Quote:meaningless text hypothesis is still a very real possibility that we have to keep in mind.
It is a possibility, but not "very" real, IMO. Both corpus-wide statistical calculations (Montemurro & Zanette) and many tiny local observations indicate the opposite. Like, both most frequent Voynich stars are mentioned in f1r, and I can provide more indications. The Ockham's razor is also turned against that.
TBH, I even don't consider that possibility seriously in my own research - not because I don't like it, but because I don't see how it would be real.
Like JKP, I'm a fan of Ockham's razor. If in the XVII century and in the XX and what we have from this century no linguistic solution has worked, why not try something else?
The 'otol' test that Anton proposes is flawed in advance because we mechanically think in letters and sounds. I think it is more likely that EVA-l to be the number 4 in its Arab shape. I'm a librarian, I've seen hundreds of times this number with this shape in manuscripts of the Voynich's time.
In volvelles from the same time I've seen the number 4 in its Arab shape stand for some Zodiac signs.
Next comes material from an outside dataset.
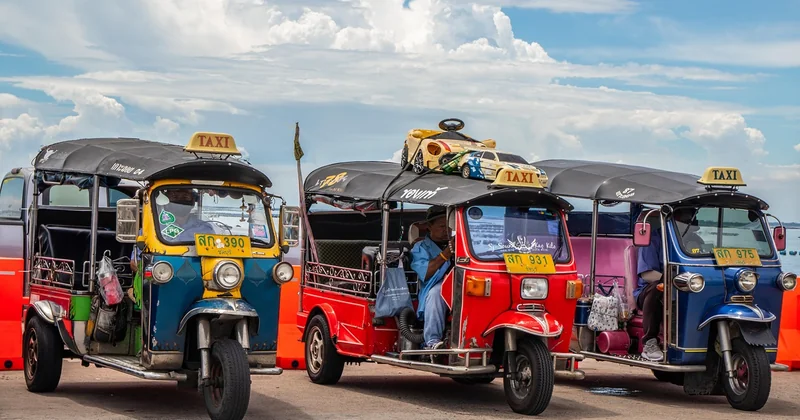 Transports : le taxi au compteur cassé et le tuk-tuk à commission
What I believe is that the labels of Voynich stars indeed are like names because they serve to identify, to mark positions in the space, in the celestial sphere. These names-like mark also herbs and tubes that depends on a star. That's why we see 'otol' marking diferent things. But I insist, 'otol' is not 'otol'. They are glyphs that stand for a place, a place in movement.
Hi Antonio,
The "otol test" is focused solely on the assumption of labels as designators. In fact, it is invoked as an illustration to disprove that assumption. What you are speaking about is not designation. For example, if we see a star and read its position nearby, then the label is not that star's name. It's some attribute or association. That's what I am arguing - that star labels (and possibly not only those) are not names, but some associations. In other words, they are not designators, but "pointers" or "referrers".
Whether "otol" is an "otol", or is not, is an altogether different question which is independent of whether labels are designators or not. Some do think of Voynichese glyphs as letters/sounds, some do not, but both those categories of researchers can consider labels as names or as not names. Those are just two different problems.
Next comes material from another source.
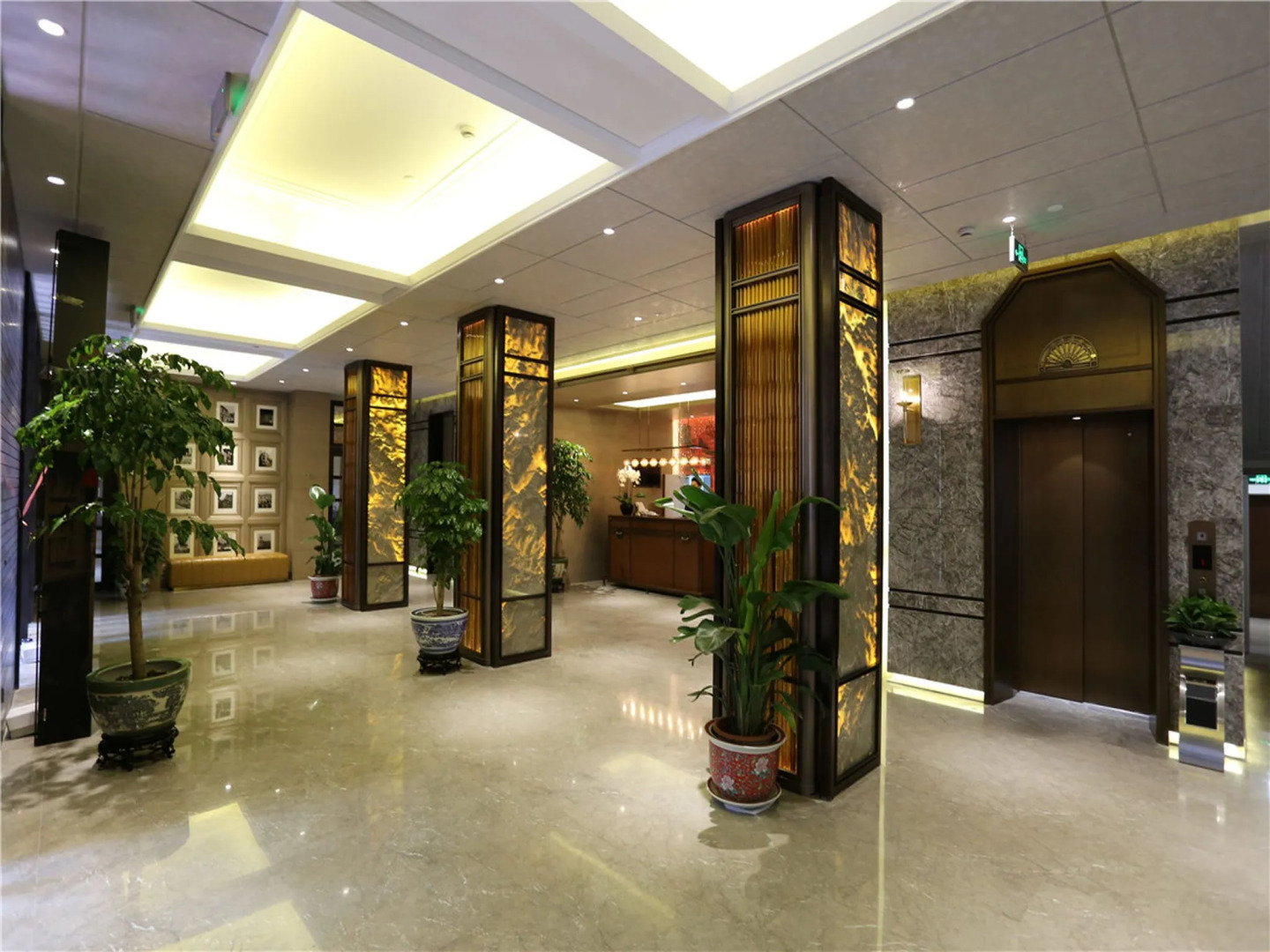 Metropolo Classiq Shanghai Nanjing Road East Hotel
I have to admit, I have never thought of Voynich glyphs as sounds.
The first time I saw the text, I thought it was a cipher and ciphers don't have to correspond to human sounds even if they encode language.
Also, there are languages I can read that I have never heard, ever. I have no idea what they sound like, so I look at script as information that doesn't necessarily have to be connected to sound even if people in another culture connect it to sound.
After the first few days, I stopped assuming it was natural language (I thought it might be, at first) and simply tried to see it as information... whether that is language, pseudo-language (a made up language like twin-speak), echolalia, symbols, math, or whatever, I figure my job is to figure out what it is, not to try to impose expectations on the text. That means that even though I think it's possible that it's referential or symbolic, I still don't discount other possibilities (including natural language encoded in a unique way).
Let's put the paradigm in action and try to produce an illustration.
I have some paragraph stats gathered from the time when I was searching for PPNs, and thus I was able to quite quickly produce the following statistics. At present it is only for folios up to f46v, but it will be easily expanded to the rest of the botanical section, and I am also planning to extend it to the whole corpus, although the latter will require considerably more effort.
I examine all paragraph-initial vords. The idea is that we don't have any obvious sentence start markers, except that for starts of paragraphs. So each paragraph start is a sentence start.
In the folio range above specified, I count 185 paragraphs (I leave off two paragraphs with weirdos in f1r, since we don't know if those weirdos are part of Voynihese or not). 168 of those, or 90,8%, do begin with vords which begin with gallows. Let's call such vords "Gvords". Benched gallows are also included in this total count (let's call that "bGvords", and they are subset of Gvords), but their share is negligible - only five bGvords.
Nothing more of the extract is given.